The day is overcast and cool, a great day for Waldo, with temps in the high 50s.  The ground is dry and there is only a slight breeze.  We pass a few people on the crushed stone parts of the trail, but not many.  There is not much traffic out here and we meet only an occasional car.  Most importantly, for Waldo, there are no bikes.  The one thing that stands out is that everything is so green.  We’ve had a wet spring and the leafy plants have relished it, turning lanes and byways into Emerald City streets.  Coming from a semi-arid part of the world, I’m always awed by just how green everything can get here in the spring and summer.

In some places, where our path leaves the old railroad bed, the bed just disappears and I can’t tell where it used to run.  There are other times when it continues on into the weeds and I’m tempted to bushwhack along it to see where it goes.  But that might add a number of miles to our trek because we’d have to turn back because of dense overgrowth, fences or no trespassing signs.  So I make a mental note of it and file it away for possibly another day.  The main point is to walk the entire Mass Central Rail Trail as it is, not the railroad bed as it was (although that does hold some temptation as well).

Waldo is having a good time, out front running point.  We walked so much over the years that he knows how to walk safely on the side of the road without my giving him any guidance.  It’s probably also true that he finds the better things to sniff over there.  The point is, I don’t have to continually watch him and redirect him to keep him safe.  If there was heavy traffic, I would get nervous and shorten his leash, but there’s not and he’s doing just fine at far end of his 26-foot leash.

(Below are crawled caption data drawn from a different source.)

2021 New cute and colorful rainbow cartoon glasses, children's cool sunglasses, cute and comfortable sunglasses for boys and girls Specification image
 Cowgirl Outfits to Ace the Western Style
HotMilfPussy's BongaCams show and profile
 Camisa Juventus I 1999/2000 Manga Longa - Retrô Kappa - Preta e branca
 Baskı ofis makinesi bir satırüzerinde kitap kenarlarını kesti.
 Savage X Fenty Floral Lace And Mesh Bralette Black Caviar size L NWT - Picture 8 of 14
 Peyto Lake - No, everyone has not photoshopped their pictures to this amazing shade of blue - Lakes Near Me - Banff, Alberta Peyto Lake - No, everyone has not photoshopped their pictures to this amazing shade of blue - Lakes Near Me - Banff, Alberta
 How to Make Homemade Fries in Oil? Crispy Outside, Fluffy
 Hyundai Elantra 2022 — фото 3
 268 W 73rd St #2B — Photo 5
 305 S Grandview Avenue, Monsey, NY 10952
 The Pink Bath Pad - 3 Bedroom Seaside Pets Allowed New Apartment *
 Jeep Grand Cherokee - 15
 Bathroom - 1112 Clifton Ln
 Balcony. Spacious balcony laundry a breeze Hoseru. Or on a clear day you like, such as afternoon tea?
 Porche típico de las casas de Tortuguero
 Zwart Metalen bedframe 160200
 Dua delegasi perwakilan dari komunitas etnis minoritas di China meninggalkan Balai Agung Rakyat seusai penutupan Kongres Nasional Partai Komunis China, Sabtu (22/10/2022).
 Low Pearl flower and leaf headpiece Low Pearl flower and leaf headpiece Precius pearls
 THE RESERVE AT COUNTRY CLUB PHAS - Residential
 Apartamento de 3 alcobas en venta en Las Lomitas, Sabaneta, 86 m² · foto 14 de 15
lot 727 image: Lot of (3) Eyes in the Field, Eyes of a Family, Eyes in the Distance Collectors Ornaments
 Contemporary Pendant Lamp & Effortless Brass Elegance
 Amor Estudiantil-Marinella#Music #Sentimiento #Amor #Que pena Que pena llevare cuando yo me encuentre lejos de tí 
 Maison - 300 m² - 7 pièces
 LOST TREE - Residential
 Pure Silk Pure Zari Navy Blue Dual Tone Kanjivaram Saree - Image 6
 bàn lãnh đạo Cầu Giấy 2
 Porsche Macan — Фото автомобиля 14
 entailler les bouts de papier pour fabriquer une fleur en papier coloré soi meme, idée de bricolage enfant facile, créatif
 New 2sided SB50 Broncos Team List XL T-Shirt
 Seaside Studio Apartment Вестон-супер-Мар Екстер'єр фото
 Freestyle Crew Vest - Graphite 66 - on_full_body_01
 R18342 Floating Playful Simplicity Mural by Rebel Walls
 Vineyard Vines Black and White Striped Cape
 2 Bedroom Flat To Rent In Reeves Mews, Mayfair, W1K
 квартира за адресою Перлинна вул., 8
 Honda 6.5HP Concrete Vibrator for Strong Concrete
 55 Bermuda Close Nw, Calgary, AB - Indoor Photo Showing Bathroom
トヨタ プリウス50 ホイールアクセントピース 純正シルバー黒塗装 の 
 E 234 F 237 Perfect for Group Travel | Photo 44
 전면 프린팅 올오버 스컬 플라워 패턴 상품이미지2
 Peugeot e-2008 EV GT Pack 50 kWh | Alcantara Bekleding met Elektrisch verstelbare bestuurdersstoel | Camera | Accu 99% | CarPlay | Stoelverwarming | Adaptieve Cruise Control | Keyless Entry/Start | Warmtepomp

As we walk along, talking about politics or the state of the world, Christine stops, bends over, picks up a leaf and stares at it.  “Whatcha got?” I ask.

“Dunno,” she says.  Christine is pretty good at botany and usually knows the plants she notices, but not always.

I look it up on the app on my phone.  Because we’ve had such a wet spring, plant life has proliferated.  We find weigela, dames rocket, corn speedwell, purple loosestrife and field horsetail — none of which I’ve seen on the Assebet River Rail Trail.  Some of it, like the weigela, is not native to this part of the world and was transplanted here by somebody at sometime.  It occurs to me that many of the plants we see probably have an interesting history of how they ended up when and where we happen to be walking.

The last part of our walk is on old railroad bed and runs straight up to where it Ts onto Wachusett Street, where we parked our car.  It is as wide as a two-lane street, surfaced with crushed stone and is bordered by maple trees on both sides.  This part has to be on private land, because there are small blue and white tubes that run between the tree trunks, connecting them all together and running off to a collection tank somewhere out of sight.  After collection, the sap is boiled down to make maple syrup.  We’ve seen this kind of collection system before, on some of our many treks, but it always interests me because I know nothing about harvesting for syrup.  There are a lot of maple trees here in New England; they’re everywhere.  But there aren’t that many stands of sugar maples.

We get back to our cars and head home, yet one more piece of the mass Central Rail Trail has passed under our feet.  The next piece is short, only about 2 miles or so, and ends on a 10 mile or so stretch that we’ve already walked.  But that’s for another day.  I will never live long enough to wander down all the interesting highways and byways that exist in the world.

And that’s a good thing.

 

The sugar maple sap collection system.